The threat of tariffs looms over the pharma industry, and drugmakers are looking for ways to be vigilant and nimble in response to potential changes.
While the Trump administration exempted pharmaceuticals from reciprocal tariffs announced in early April, it was far from a guarantee that they’d forever be outside the crosshairs. At the time, the Department of Commerce had already begun an investigation to determine whether imported drugs and ingredients present a national security threat.
The results of the inquiry could provide justification for new tariffs on drugs, turning up the heat on an industry already grappling with other drug pricing control efforts, including a controversial “most favored nations” policy proposal. The executive order directing U.S. health agencies to design a rule that aligns American drug prices with the lowest price paid in any nation could put substantial pressure on the industry.
Leaders at the lobbying group PhRMA, in comments submitted as part of the investigation, said they hope the Trump administration will use the findings to enact targeted national security initiatives, rather than impose broad tariffs on pharmaceuticals.
Still, companies should brace for levies.
“It's a wait-and-see approach now to understand the timing of what any action might look like,” said Christine Kachinsky, KPMG’s U.S. national tax sectors leader and life sciences tax industry leader.
In the meantime, companies need to focus on three things to prepare for tariffs: monitoring, modeling and mitigation, Kachinsky said.
Know thy supply chain
The first step pharmaceutical companies should take is to assess their supply chain and see where vulnerabilities lie — which can be complicated.
“This is a sector where the tariff issue is arguably more complex than in many other sectors because of the complicated supply chains and the determination of value,” Kachinsky said.
Not only do companies have to know where products are coming from, but they must also determine the country of origin, which is not always straightforward. Most often, the country of origin is where the API was manufactured. But it can shift to the finished dosage form if there’s substantial transformation, which can occur when the product contains multiple APIs.

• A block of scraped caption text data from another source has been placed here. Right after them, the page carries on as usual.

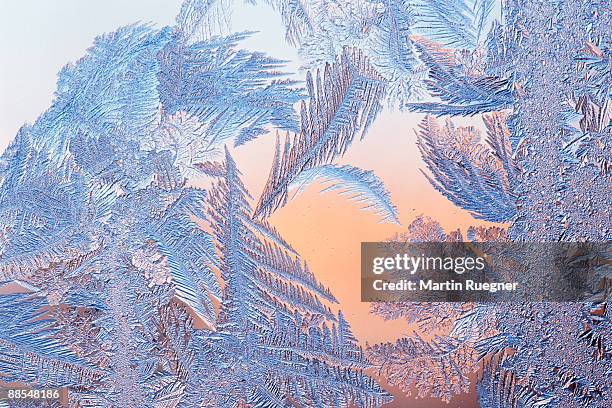 frost on window - cristal de hielo fotografías e imágenes de stock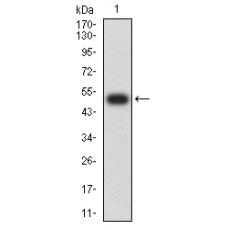 Anti-CHRNA6 antibody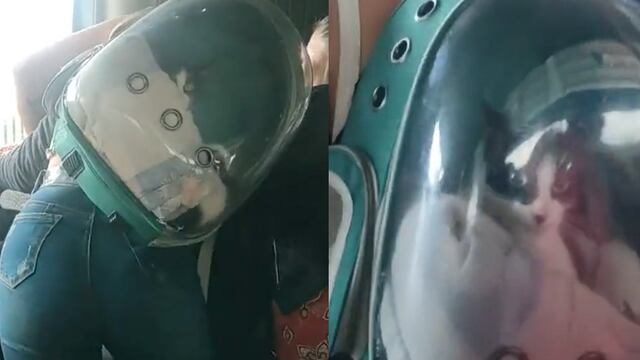 Gato participa en pelea y se hace viral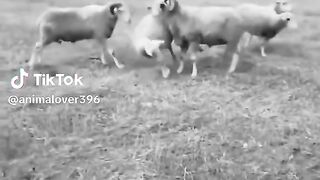 Xxx TikTok viral video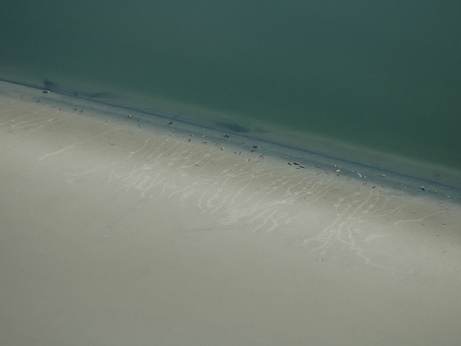 Luchtfoto van een groep gewone zeehonden met pups. Genomen door Salko de Wolf tijdens een onderzoeksvlucht boven de Waddenzee.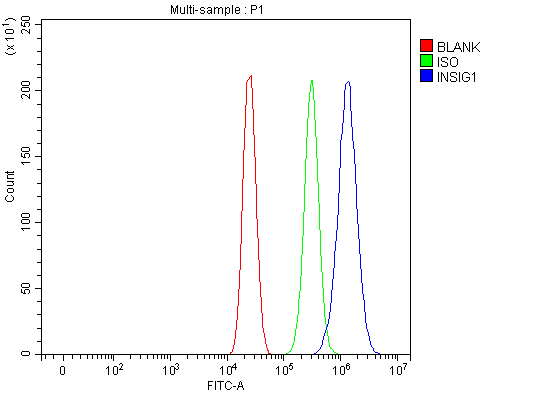 a02026 2 insig1 primary antibodies fcm testing 4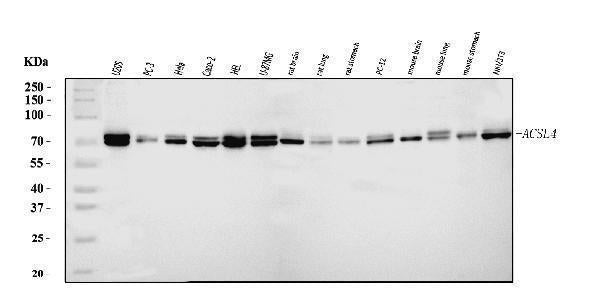 Anti-FACL4/ACSL4 Antibody Picoband®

“The second step is to determine how the product is classified,” said Chris Young, principal, trade and customs, at KPMG.
Pharmas need to ask questions like: Is it on an exclusion list? How is the product going to be used? Are there specific reliefs in place? For example, if a company is using the product for testing, as is the case with a prototype, they don’t necessarily have to pay all the tariffs on it, Young said.

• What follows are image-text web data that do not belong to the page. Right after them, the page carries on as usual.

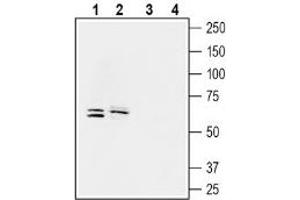 Western blot analysis of human LoVo colorectal adenocarcinoma cell line lysate (lanes 1 and 3) and human ARPE-19 retinal pigmented epithelium cell line lysate (2 and 4): - 1-2. (SLC5A8 antibody  (C-Term, Intracellular))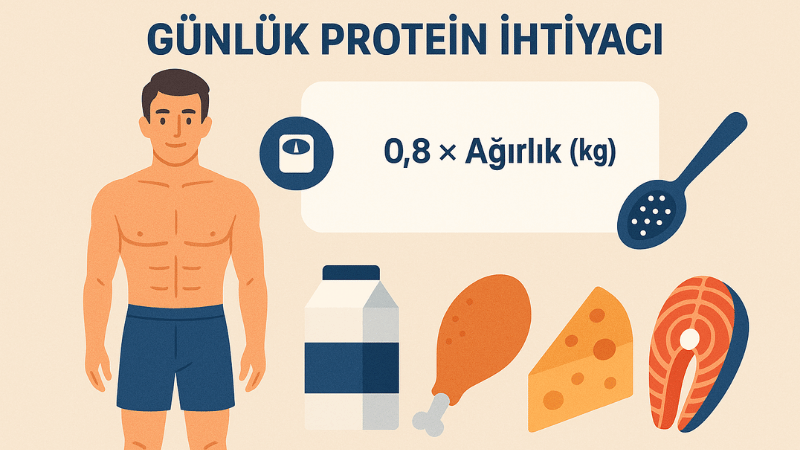 Günlük Protein İhtiyacı Hesaplama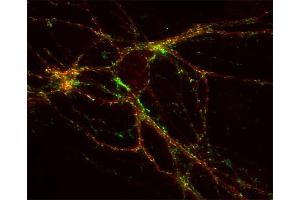 Indirect immunostaining of hippocampus neurons with anti-GABA-A receptor α1 (dilution 1 : 500; red) and mouse anti-synaptotagmin 1 (cat. (GABRA1 antibody  (AA 28-43))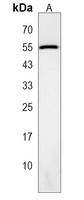 GALR3 Rabbit Polyclonal Antibody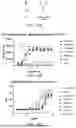 Fig. 24 - ANTIBODIES TARGETING CD3 AND USES THEREOF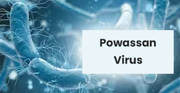 Powassan Virus: After Corona, This Virus Spread, 1 Death In America Due To Powassan Virus, Know Its Symptoms And Prevention From Experts Powassan Virus: After Corona, This Virus Spread, 1 Death In America Due To Powassan Virus, Know Its Symptoms And Prevention From Experts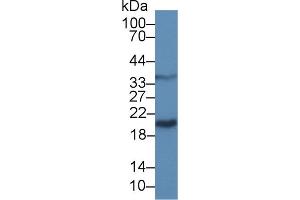 Western Blot; Sample: Mouse Liver lysate; Primary Ab: 5µg/ml Rabbit Anti-Bovine GAL9 Antibody Second Ab: 0. (Galectin 9 antibody  (AA 17-148))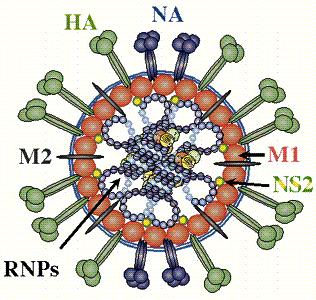 Case Study: Influenza Virus Proteins Influenza A virus Bird Flu H5N1 Hemagglutinin HA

Finally, it’s critical to ensure the product value is accurate, so companies are paying tariffs on the correct amount, he said.

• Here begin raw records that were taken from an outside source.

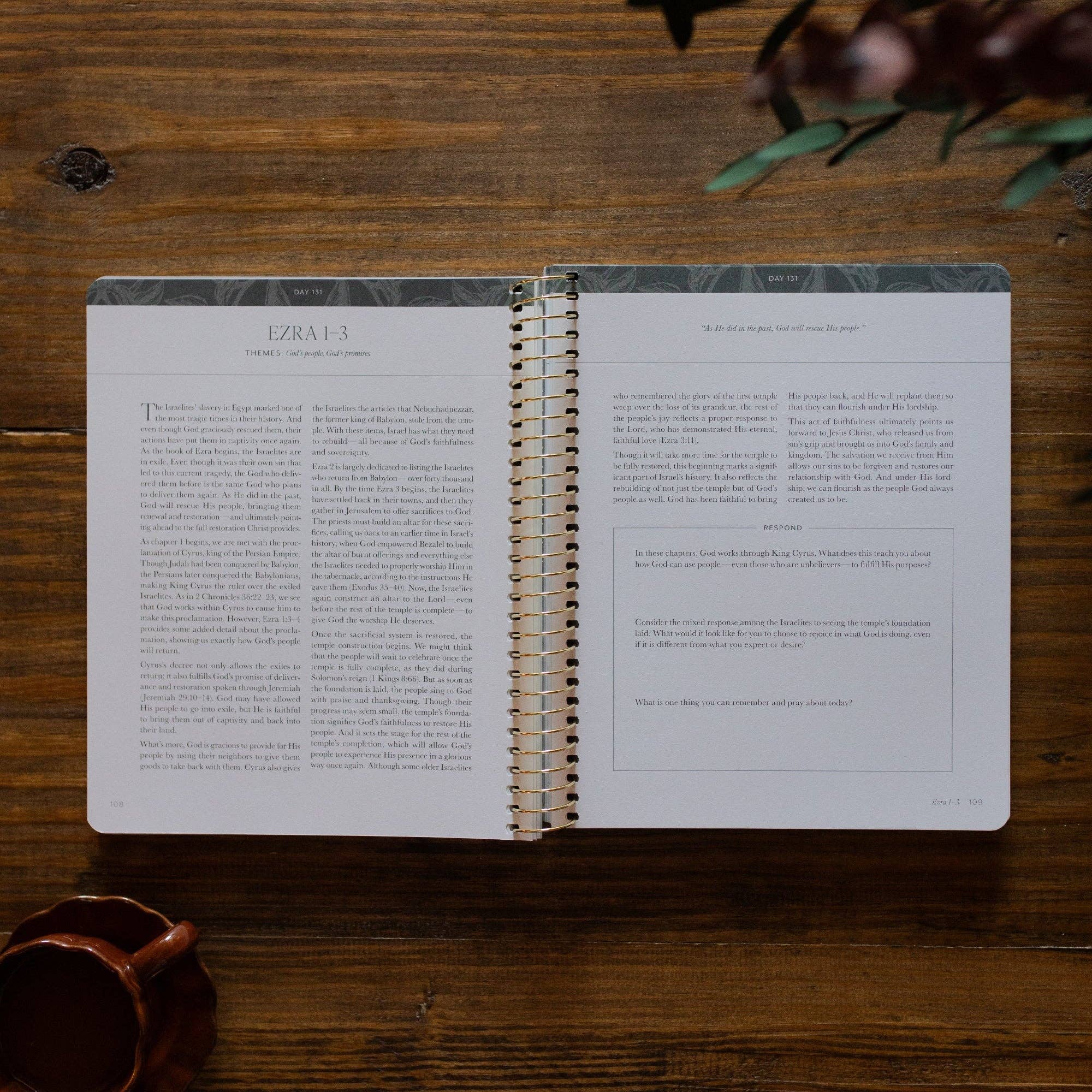 A Year in the Bible | 365 Days of Discovering the Beauty of Jesus from Genesis to Revelation | Volume 2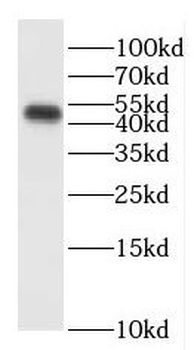 ENPP6 Rabbit Polyclonal Antibody
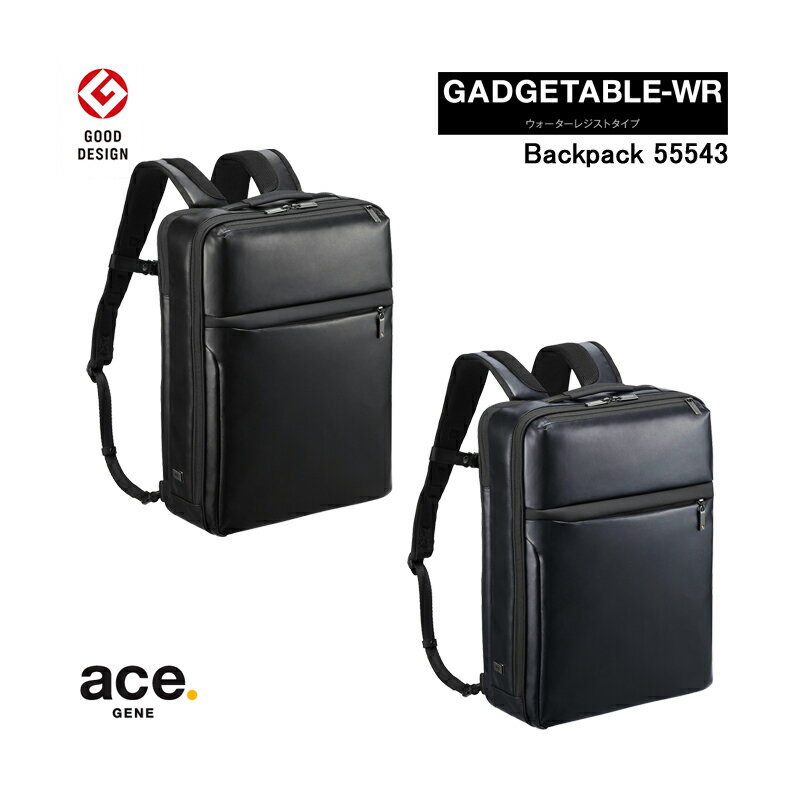 【送料無料】エースジーン(ace. GENE LABEL)ガジェタブルWR(GADGETABLE WR)バックパック 15L 55543 B4/15インチPC ビジネスリュック ウォーターレジストタイプ ( リュック エース ビジネスバッグ リュックサック ビジネス バッグ バック カバン 通勤バッグ 男性 PC 多機能 )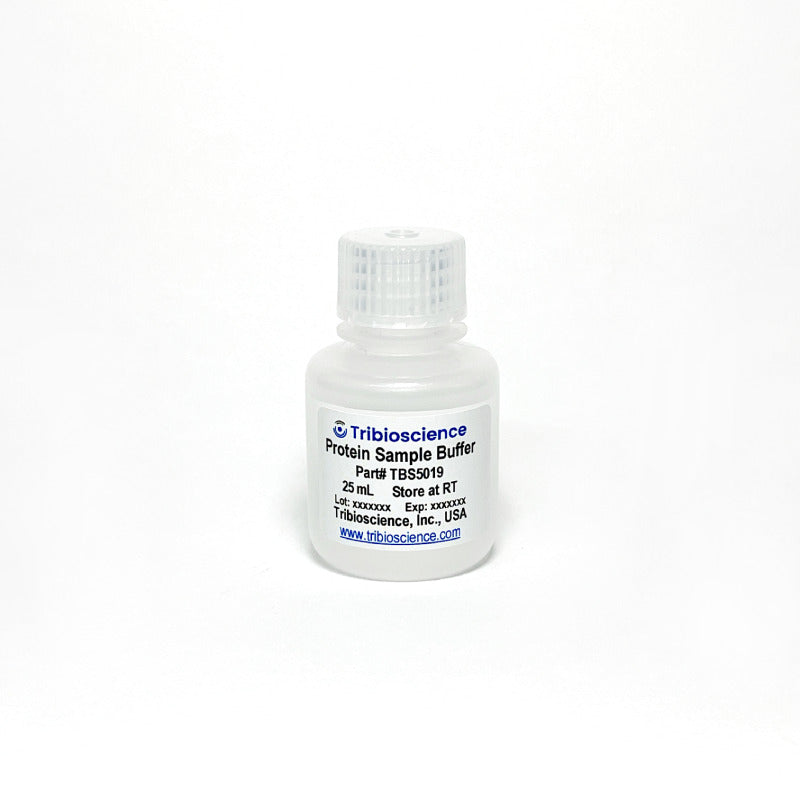 2x Protein Sample Buffer TBS5019 - Common Reagents - TriBioScience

Value calculations are particularly complex when companies perform individual elements of the manufacturing processes across jurisdictions, Kachinsky added. Each jurisdiction must be compensated fairly for its contribution.
Reshoring efforts
As companies develop mitigation strategies, they will need to consider both short-term approaches, such as changes in sourcing, and long-term options, such as manufacturing shifts. One of the main goals of the Trump administration’s tariff policy is to encourage companies to move manufacturing operations to the U.S. Many companies already support the idea of bulking up U.S. manufacturing sites to protect against supply chain disruptions.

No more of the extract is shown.